## WHAT IS REQUIRED:
In the material below, find the line with "Edwardo | Retro Fragment Sneakers" and the line with "Buy Burner Accounts", then output both and every line between them exactly, omitting pictures.

## DATA IN THIS EXERCISE:
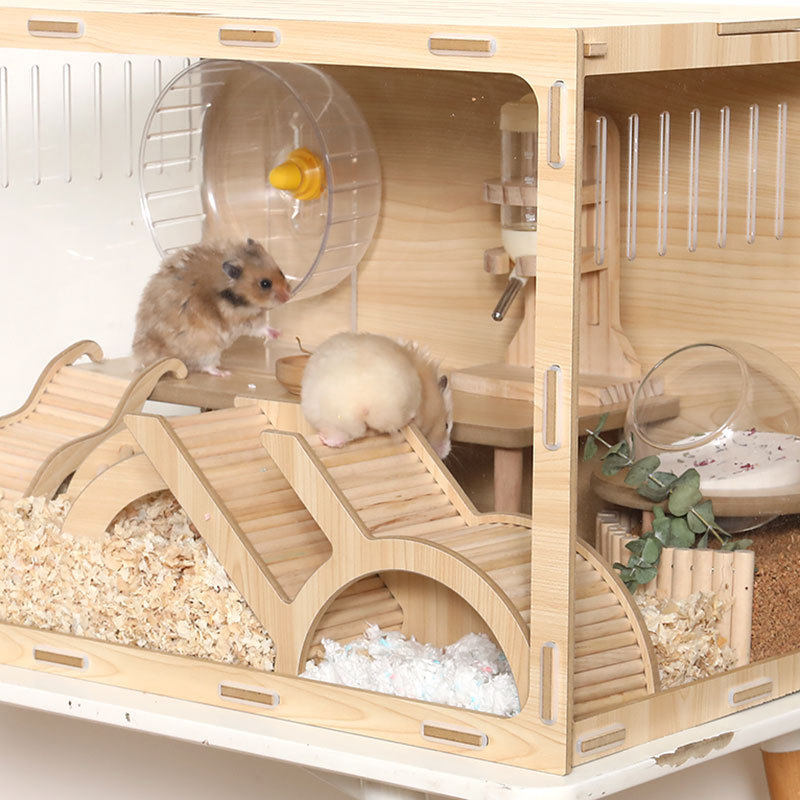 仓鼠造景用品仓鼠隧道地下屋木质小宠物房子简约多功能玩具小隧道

---

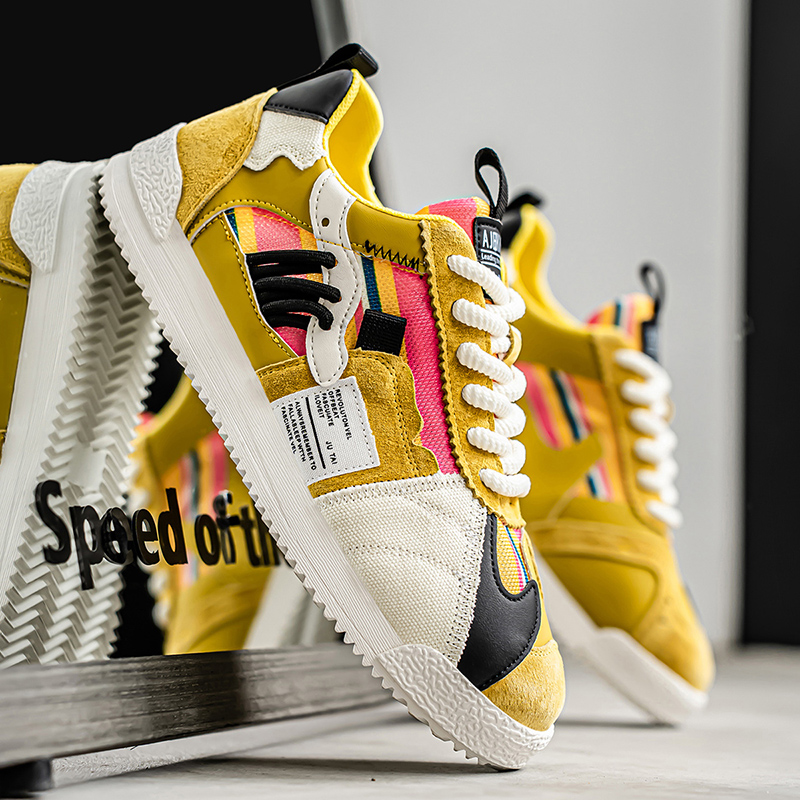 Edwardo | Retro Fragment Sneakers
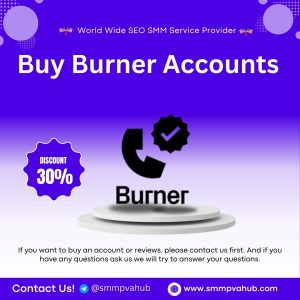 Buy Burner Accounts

## TASK ANSWER:
 Edwardo | Retro Fragment Sneakers
 Buy Burner Accounts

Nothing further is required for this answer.